INPUT FOR THIS TASK
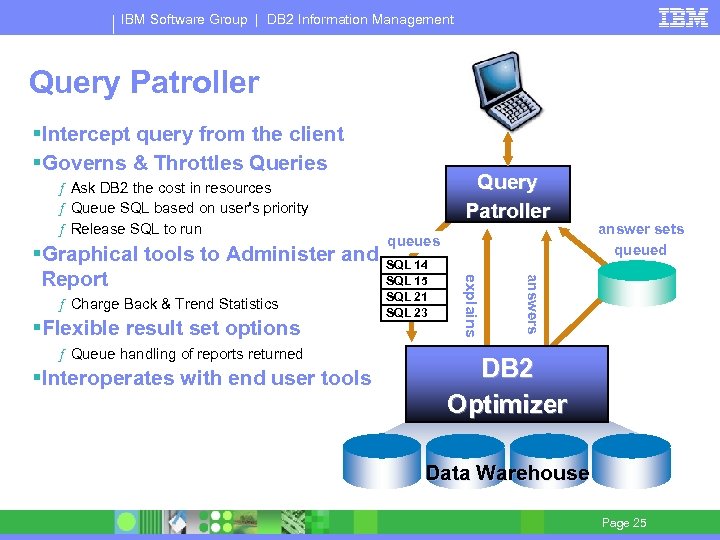 IBM Software Group | DB 2 Information Management Query Patroller §Intercept query from the
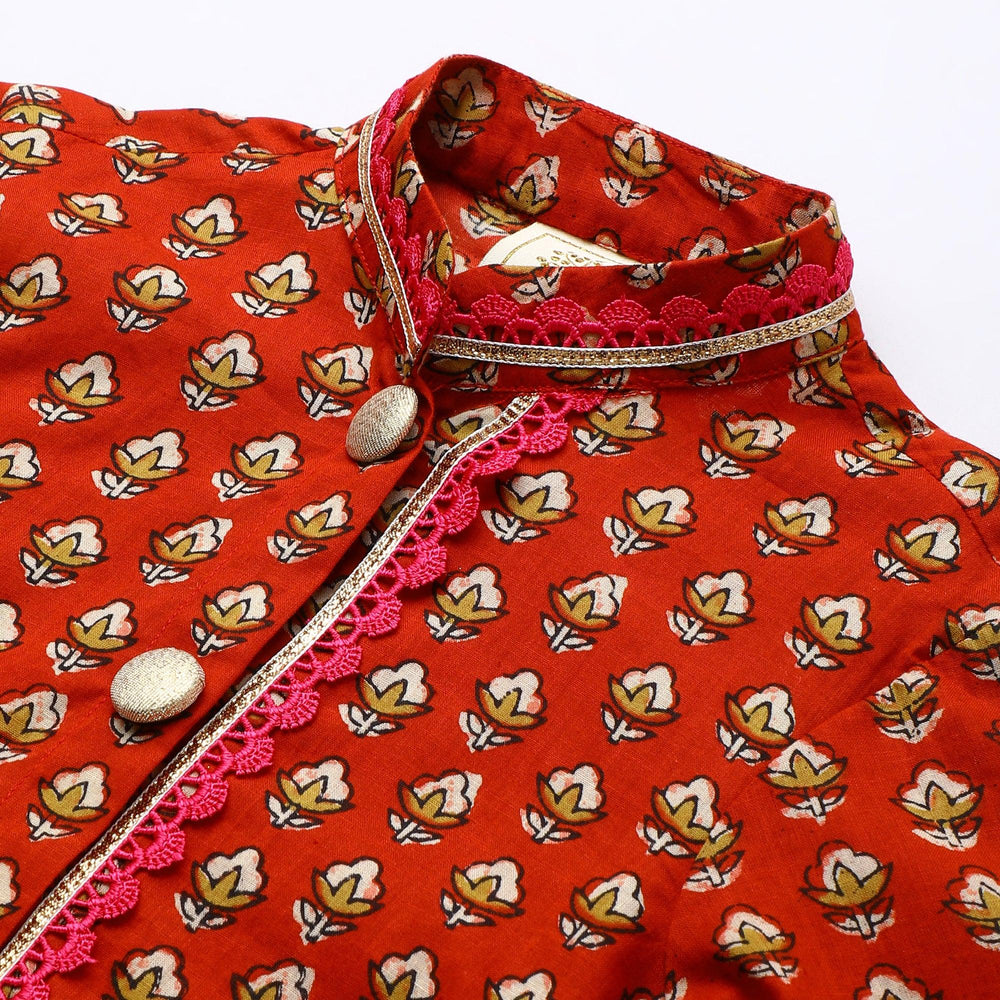 Red & Off-White Pure Cotton Kurta Dhoti Set for Baby Boys - BYB PREMIUM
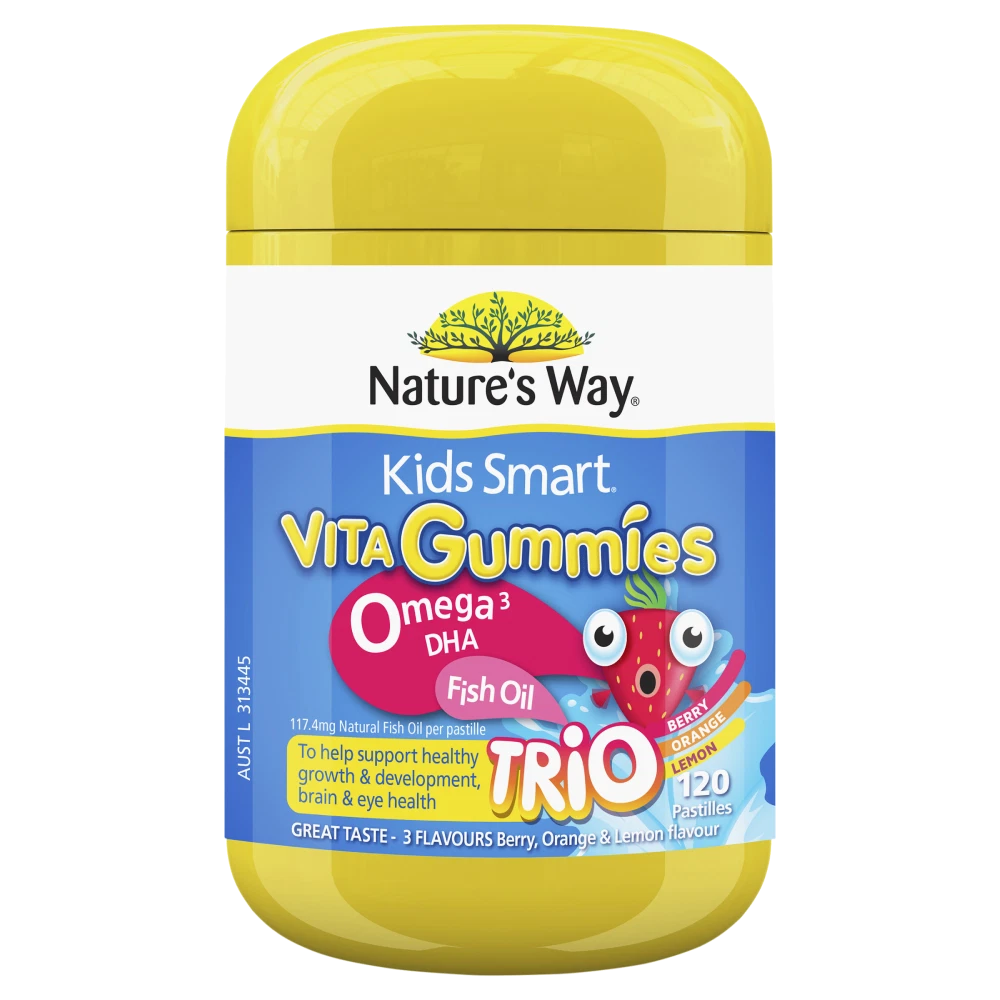 Nature's Way Kids Smart Vita Gummies Omega-3 DHA 120 Pastilles TRIO Natures Way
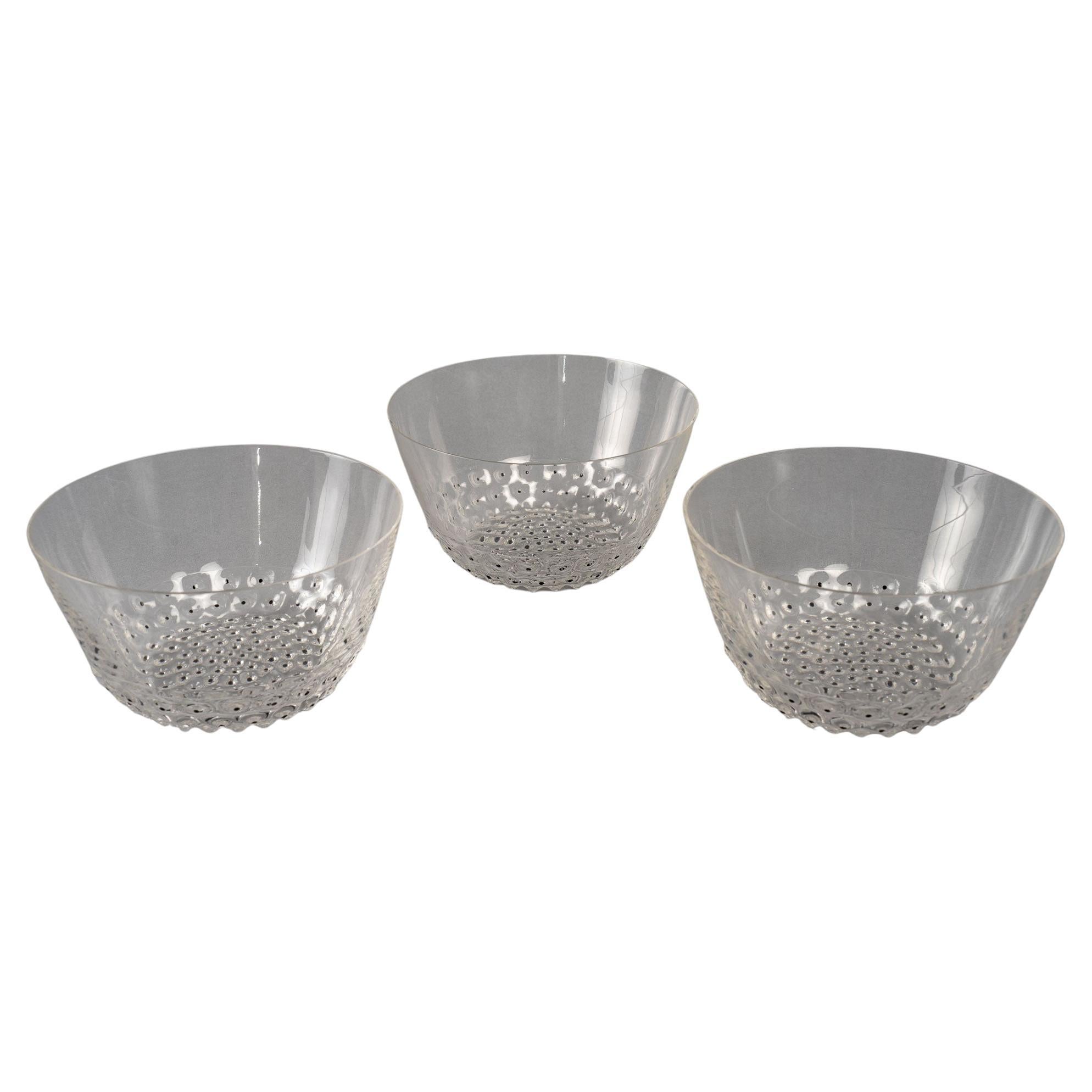 1934 René Lalique, Bowls Cups Cactus Clear Glass with Black Enamel, 3 Pieces For Sale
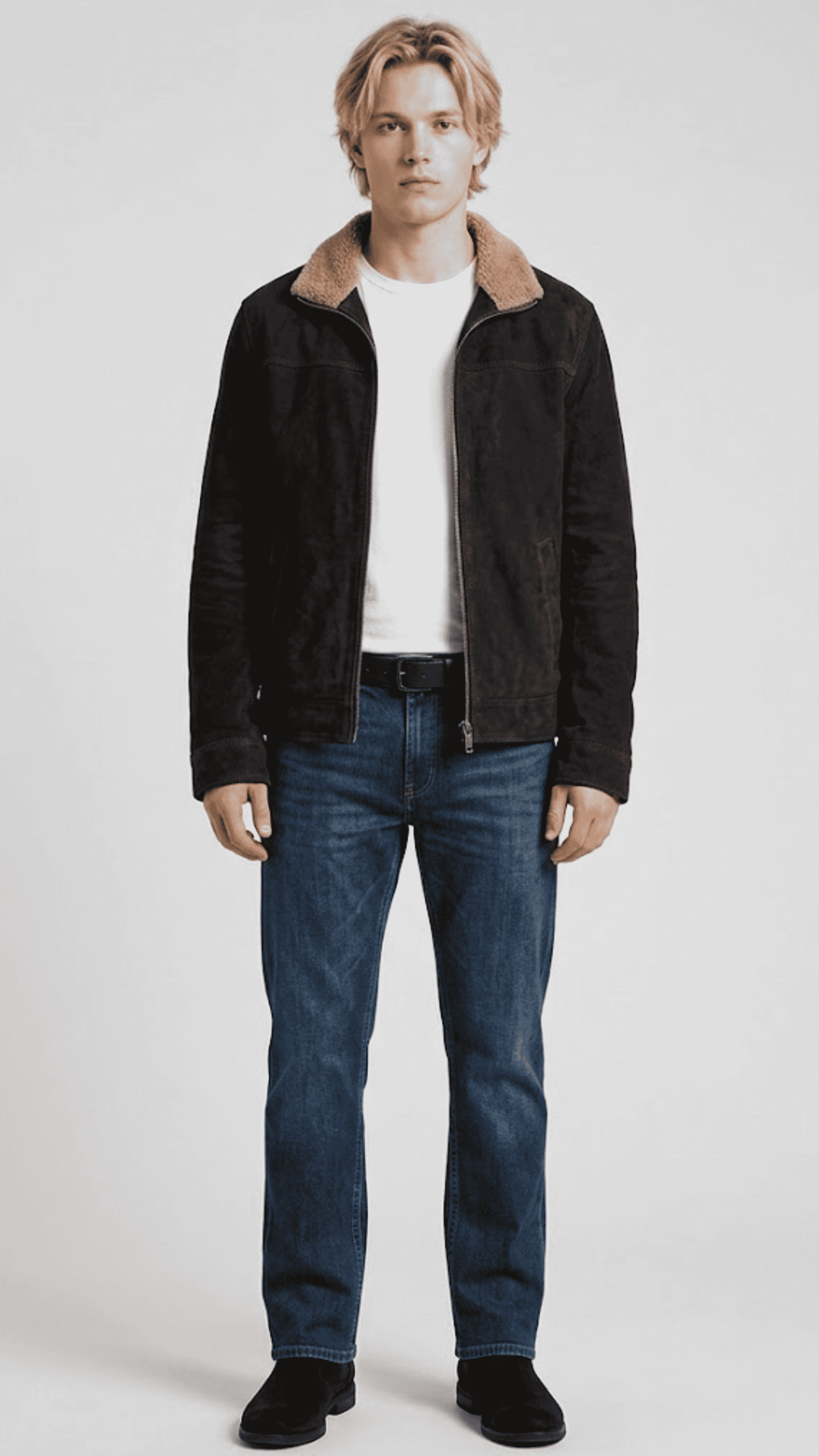 Jackero premium dark chocolate brown suede jacket highlighting a heavy-duty metallic zipper and thick white shearling collar.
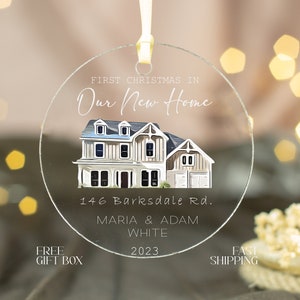 Personalized New Home Photo Ornament, Custom watercolor House Address Ornament, Housewarming Gift, Realtor Client Gift,Couples Home Ornament image 2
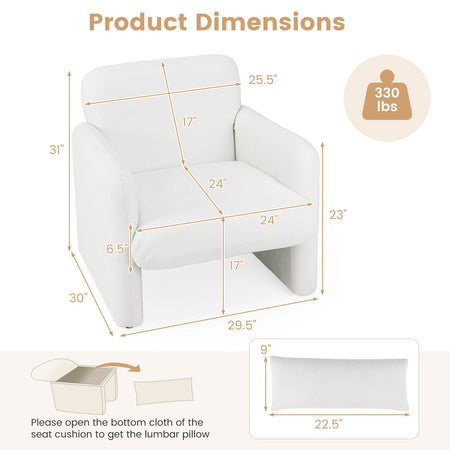 Modern Upholstered Chenille Accent Chair with Removable Lumbar Pillow-White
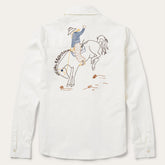 Women Western Shirts | Stetson Western Embroidered Denim Shirt White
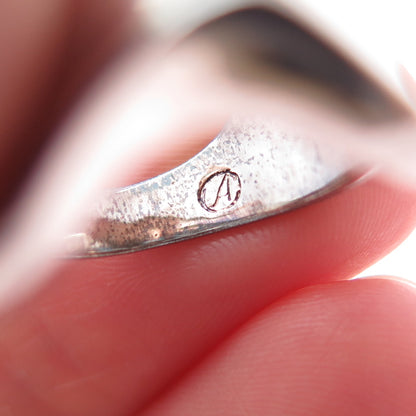 925 Sterling Silver Vintage Italy Modernist Wavy Oxidized Ring Size 7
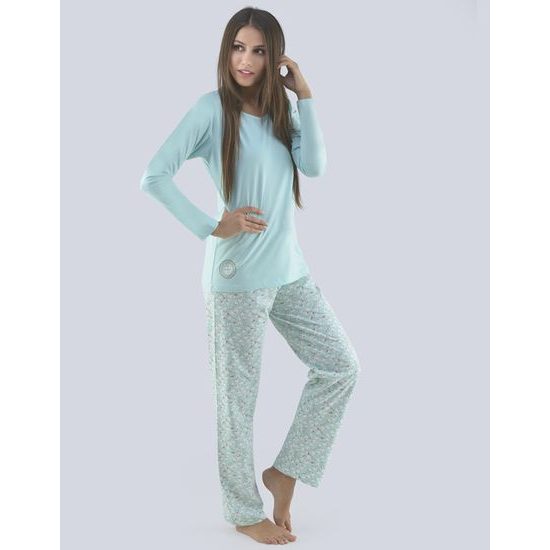GINA dámské pyžamo dlouhé dámské, šité, s potiskem Pyžama 2019 19087P - sv. tyrkysová bílá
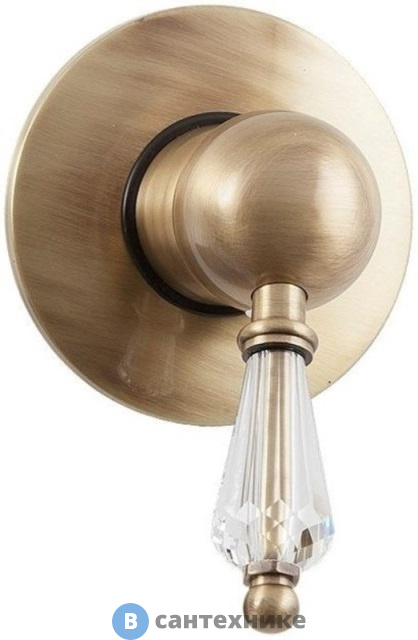 Смеситель Cezares VINTAGE-DIM-02-Sw встраиваемый однорычажный для душа, бронза, Swarovski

WHAT YOU WILL DO
Copy the listing over exactly, skipping the pictures it holds.

TASK SOLUTION
 IBM Software Group | DB 2 Information Management Query Patroller §Intercept query from the
 Red & Off-White Pure Cotton Kurta Dhoti Set for Baby Boys - BYB PREMIUM
 Nature's Way Kids Smart Vita Gummies Omega-3 DHA 120 Pastilles TRIO Natures Way
 1934 René Lalique, Bowls Cups Cactus Clear Glass with Black Enamel, 3 Pieces For Sale
 Jackero premium dark chocolate brown suede jacket highlighting a heavy-duty metallic zipper and thick white shearling collar.
 Personalized New Home Photo Ornament, Custom watercolor House Address Ornament, Housewarming Gift, Realtor Client Gift,Couples Home Ornament image 2
 Modern Upholstered Chenille Accent Chair with Removable Lumbar Pillow-White
 Women Western Shirts | Stetson Western Embroidered Denim Shirt White
 925 Sterling Silver Vintage Italy Modernist Wavy Oxidized Ring Size 7
GINA dámské pyžamo dlouhé dámské, šité, s potiskem Pyžama 2019 19087P - sv. tyrkysová bílá
 Смеситель Cezares VINTAGE-DIM-02-Sw встраиваемый однорычажный для душа, бронза, Swarovski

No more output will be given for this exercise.